• _Data below_:
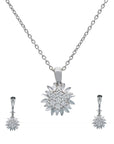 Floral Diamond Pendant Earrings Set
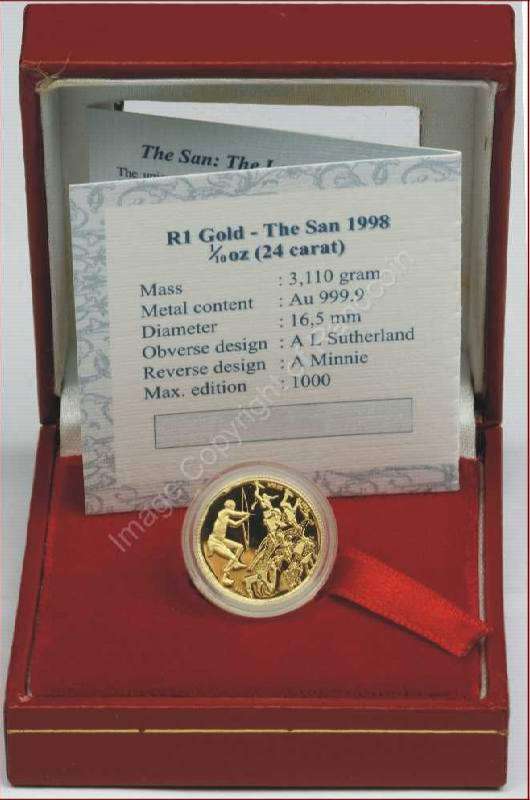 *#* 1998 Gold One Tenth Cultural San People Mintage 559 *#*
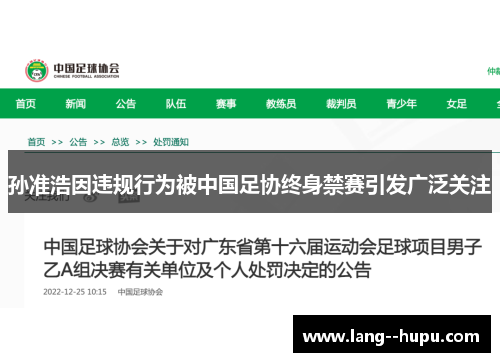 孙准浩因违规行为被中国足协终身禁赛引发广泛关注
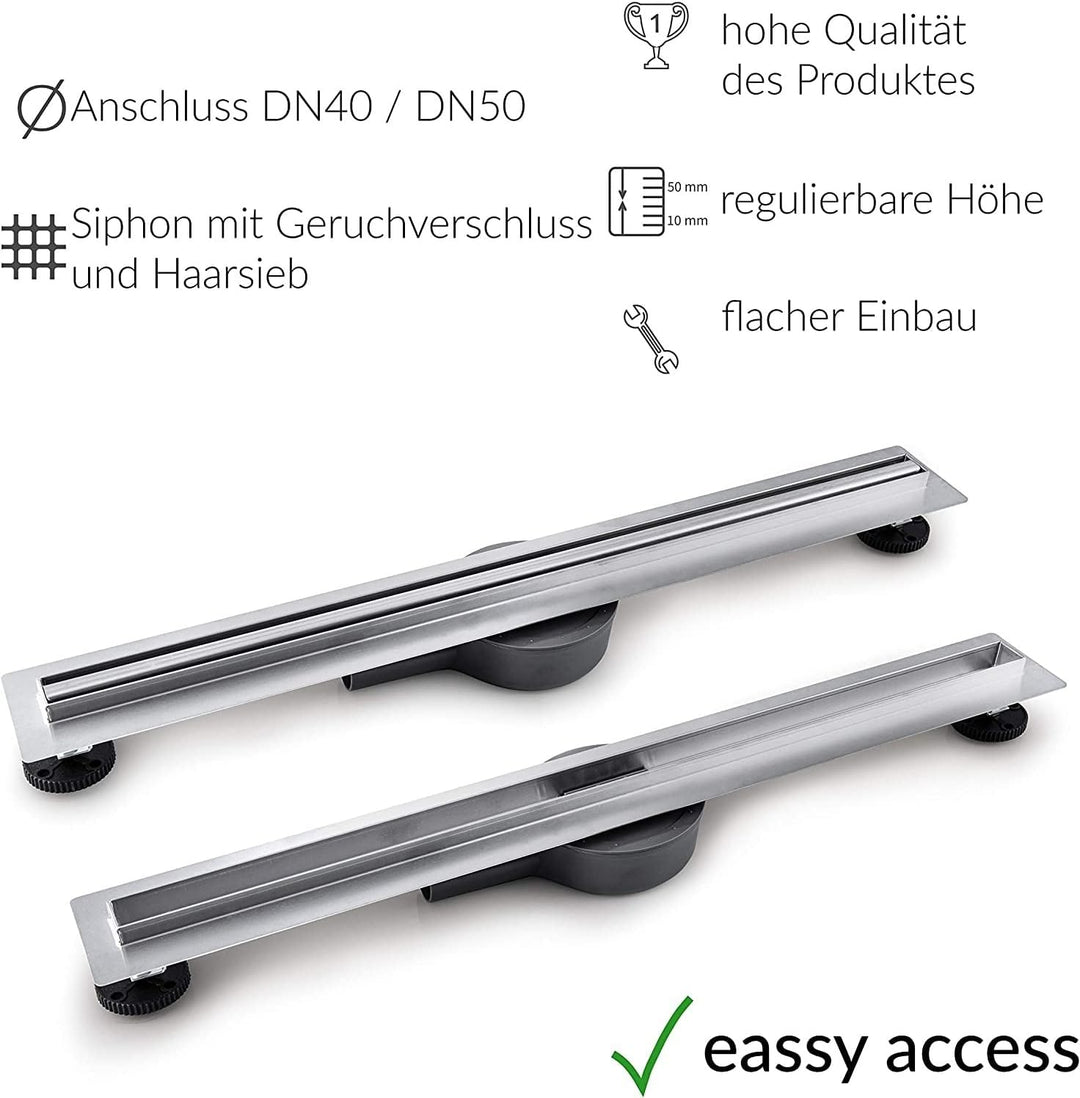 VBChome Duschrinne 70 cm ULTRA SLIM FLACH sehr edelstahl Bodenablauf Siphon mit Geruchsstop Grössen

• _Your objective_: Reproduce the listing above exactly, but skip the pictures.

• _Reply_:
 Floral Diamond Pendant Earrings Set
 *#* 1998 Gold One Tenth Cultural San People Mintage 559 *#*
 孙准浩因违规行为被中国足协终身禁赛引发广泛关注
 VBChome Duschrinne 70 cm ULTRA SLIM FLACH sehr edelstahl Bodenablauf Siphon mit Geruchsstop Grössen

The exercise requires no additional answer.